The truth is, at least for web applications, the session helps a lot in many situations. Scalability issues can be ignored if your system accepts that "the user must start over doing whatever he is doing if his web server happens to go down" or you can try a session cluster if that's unacceptable.
How it is for web services? I am inclined to conclude that web services are very different than web applications and accept option 1) (always stateless), but it would be nice to hear other opinions based on real project experience.
While it's only a small difference but it should still be mentioned:
It's not state in web services that kill scalability, rather it's state on the App Server that's hosting the web services that will kill scalability. The moment you say that this user needs to access this server (as done in sticky sessions) you are effectively limiting your scalability options. The point you want to get to is that 'Any of your free load-balanced App servers' can handle this web service request and if I add 1 more App Server I should be able to handle % more users.
It's totally fine (and personally recommended) if you want to maintain state to pass in an authentication token and on each request get the service to retrieve your 'state' from a data store (preferably a redundant and partitioned one, e.g. distributed+replicated key/value data store). That's how Amazon does it with SimpleDb and Google with BigTable.
Ebay takes a slightly different approach and stores most of the clients state in a cookie so it gets passed in with every request. Although it generates a lot more traffic, it still scalable as any of their servers can still handle the request.
If you want a scalable data store I would recommend looking at redis it has speed and features that can't be beat in a key/value data store.
You should also check out highscalability.com if you want access to good material on how to build fast and scalable services.
Ideally webservices (and web sites) should be stateless.
Unfortunately this takes very well thought out problem domain, and clear separation of concerns.
I've found that in practice most real-world web sites depend on state even though this limits their scalability.
I've also found that many real-world web-services also rely on state.
Ultimately the 'right' decision is the one that works for the specific problem, so it's probably okay to write a webservice that relies on state, and refactor it later if scalability becomes an issue.
Highly dependent on whether the service is single transaction oriented (say getting stock quotes) or if the output from the service is dependent on a data provided from a particular client across multiple transactions(in that case state must be maintained.)
As far as scalability issues, storing state in a database isn't actually a bad way to go (in fact it's probably the only way to go if you're load balancing your service across a server farm.)
I think with Flex clients the state is moved out of the service and into the client tier.
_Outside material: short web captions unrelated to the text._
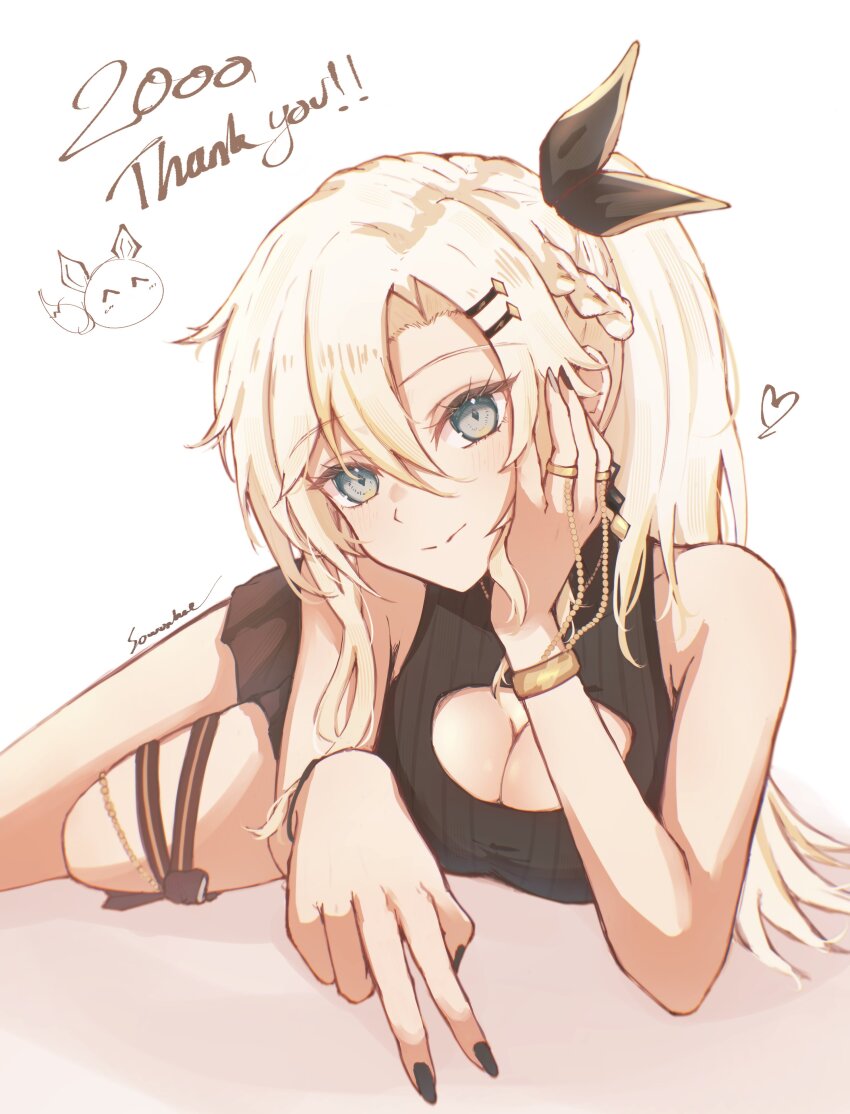 1girl absurdres arm_support artist_name bare_shoulders black_nails black_skirt black_sweater blonde_hair bracelet breasts cleavage cleavage_cutout closed_mouth clothing_cutout commentary diamond-shaped_pupils diamond_(shape) feet_out_of_frame fingernails green_eyes hair_between_eyes hair_ornament hairclip heart highres jewelry light_blush long_fingernails long_hair looking_at_viewer lying milestone_celebration nail_polish on_stomach original parallel_hairclips ring skirt sleeveless sleeveless_sweater solo sowon_(sowonhae) sweater symbol-shaped_pupils thank_you v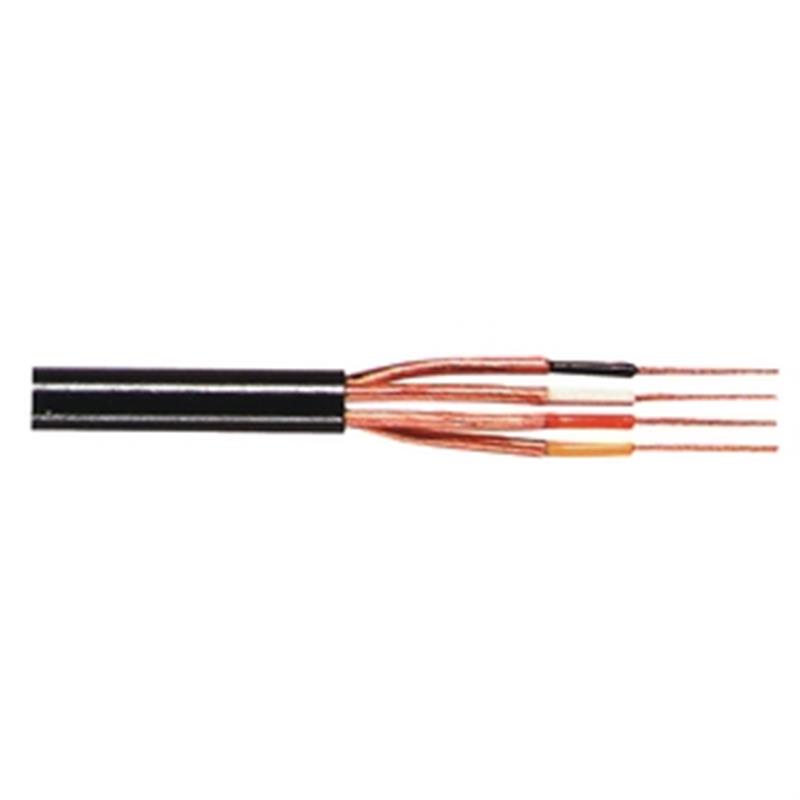 Stereo Audiokabel op Haspel 4x 0.14 - 100 m Zwart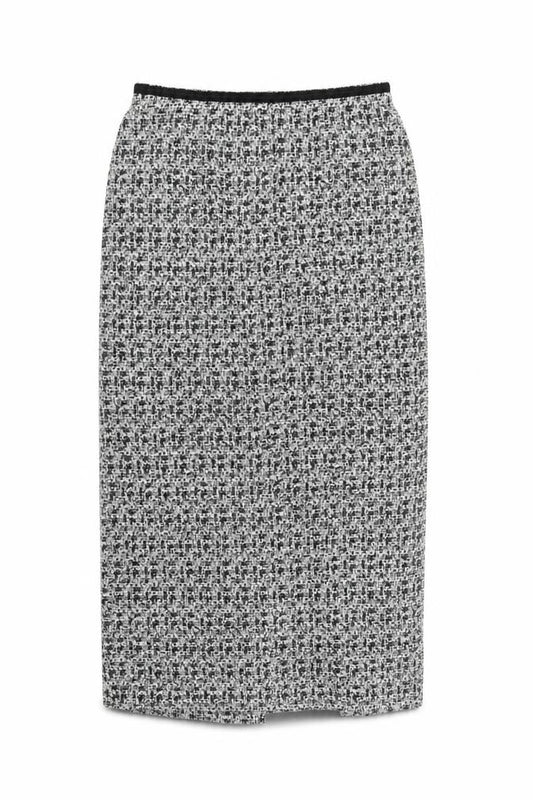 Front view of Marks & Spencer Collection women’s grey flare skirt, size UK 12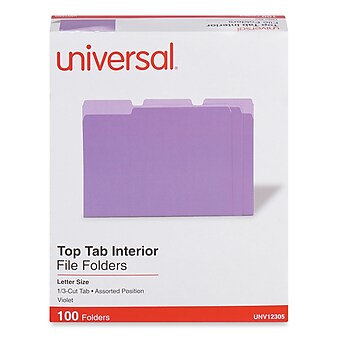 Universal File Folder, Letter Size, Violet, 100/Box (UNV12305)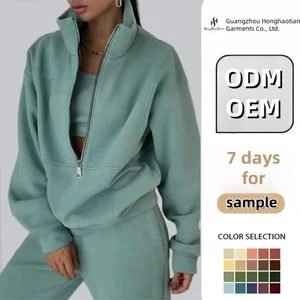 Wholesale Sweatpants and Hoodie Set Women Custom logo High Quality Winter Zip up Jogger Women Hoodie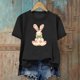 thumbnail image 4 of Haivin Women Happy Easter T Shirt Bunny Rabbit Graphic T-Shirt Funny Letter Printed Shirts Short Sleeve Tops, 4 of 6
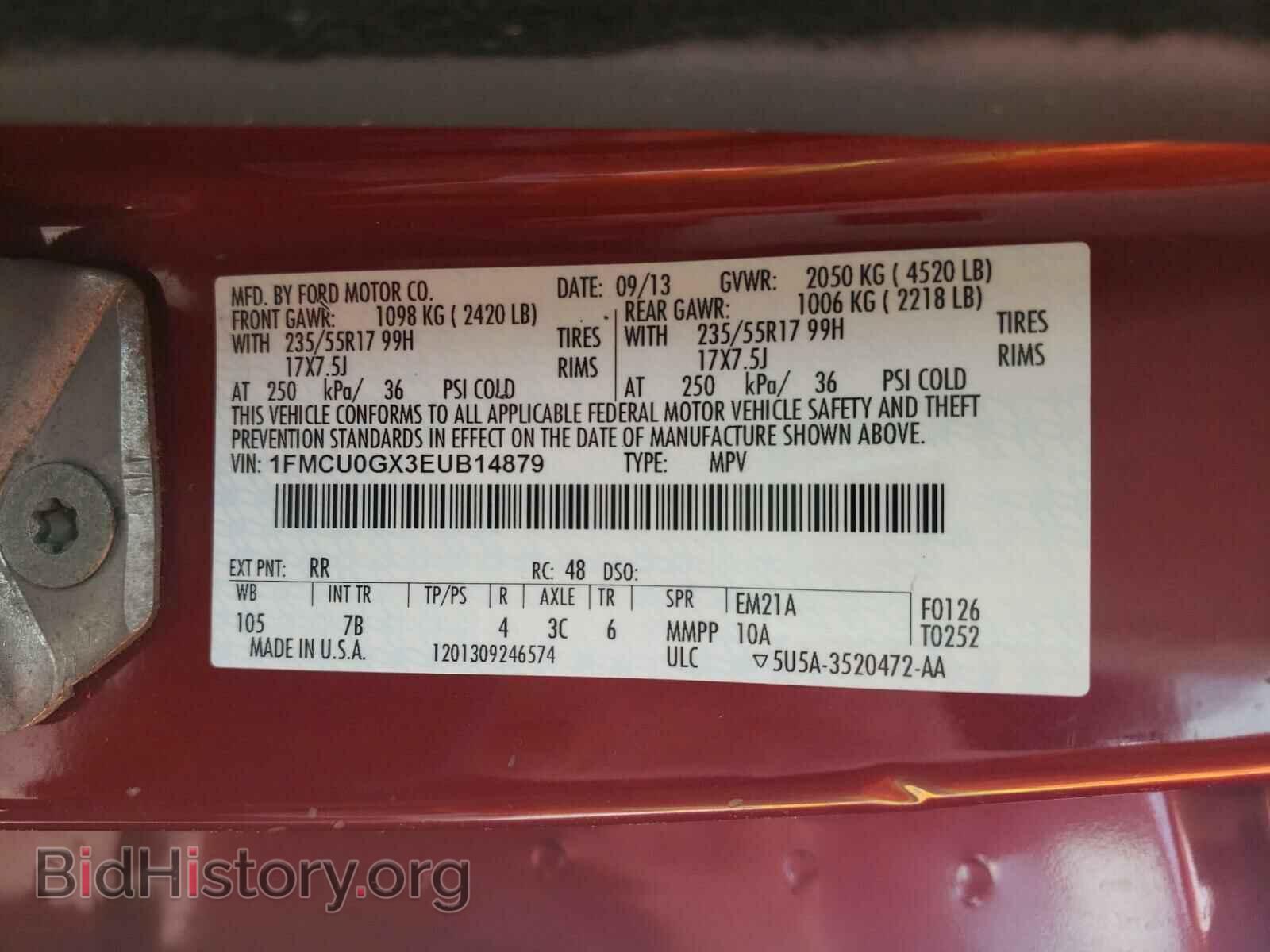 2014 FORD ESCAPE - VIN: 1FMCU0GX3EUB14879 - Фото 10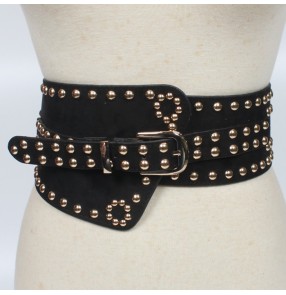 Rivet waist cinched waistband belt for performance dress  fashion vintage elasticated stretch decoration wide belt women's accessories
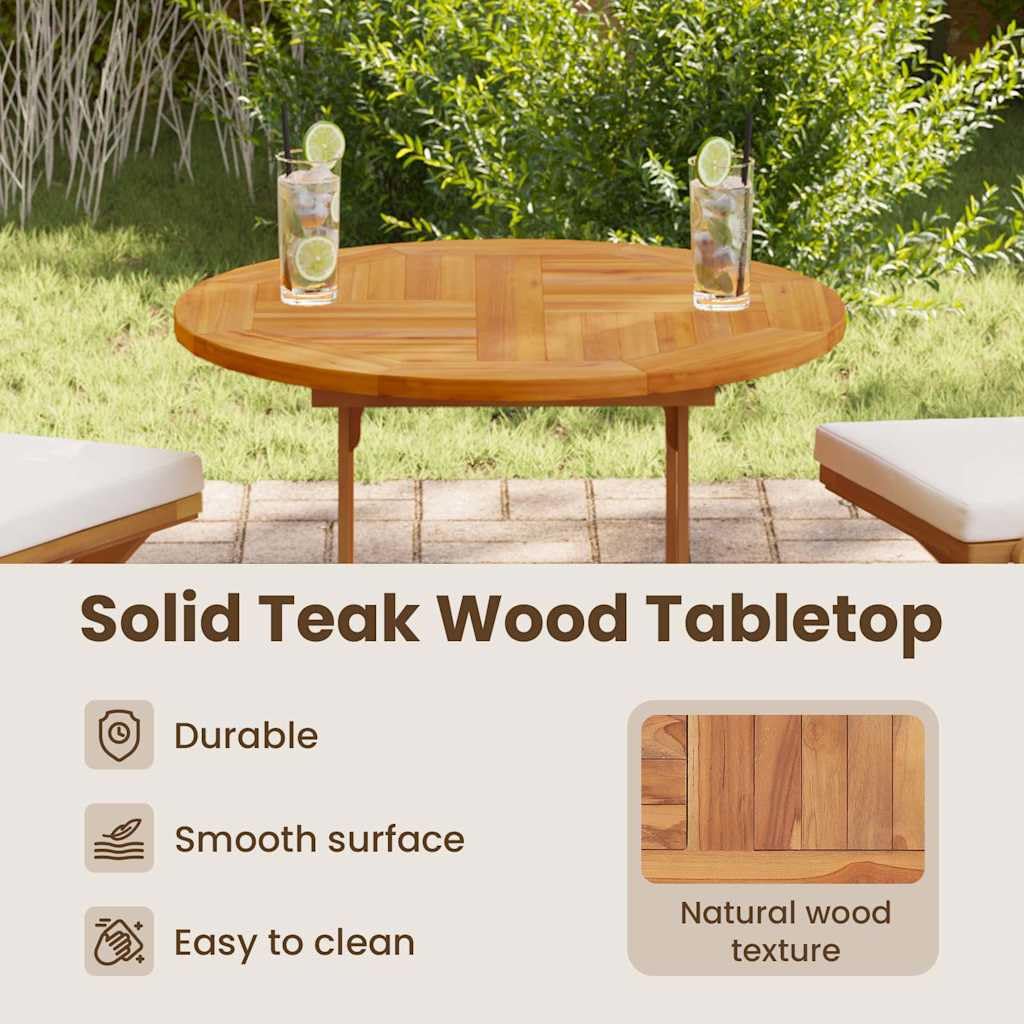 vidaXL Dessus de Table Rond Remplacement Plateau de Table de Salle à Manger Table à Dîner Restaurant 2,5 cm 80 cm Bois de Teck Solide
Keep the services stateless and let the clients maintain the state needed. The services stay simple, and the clients are free to mash them together as they wish.
You seem to be equating state and authentication. Perhaps you're accustomed to storing username and password in session state?
This is not necessary, even with old ASMX web services. Simply pass whatever information you need to your "Login" operation. This operation will be defined to return an "Authentication Ticket" header.
All other operations that require authentication will require this "Authentication Ticket" header. They will each check the header to see if it represents a valid, authenticated user. If so, then they will perform their task. If not, then they will return a SOAP Fault indicating that authentication is required.
No state is required. Simply make sure that the authentication ticket can be validated on any server your service runs on (for instance, in a web farm), and you'll be fine.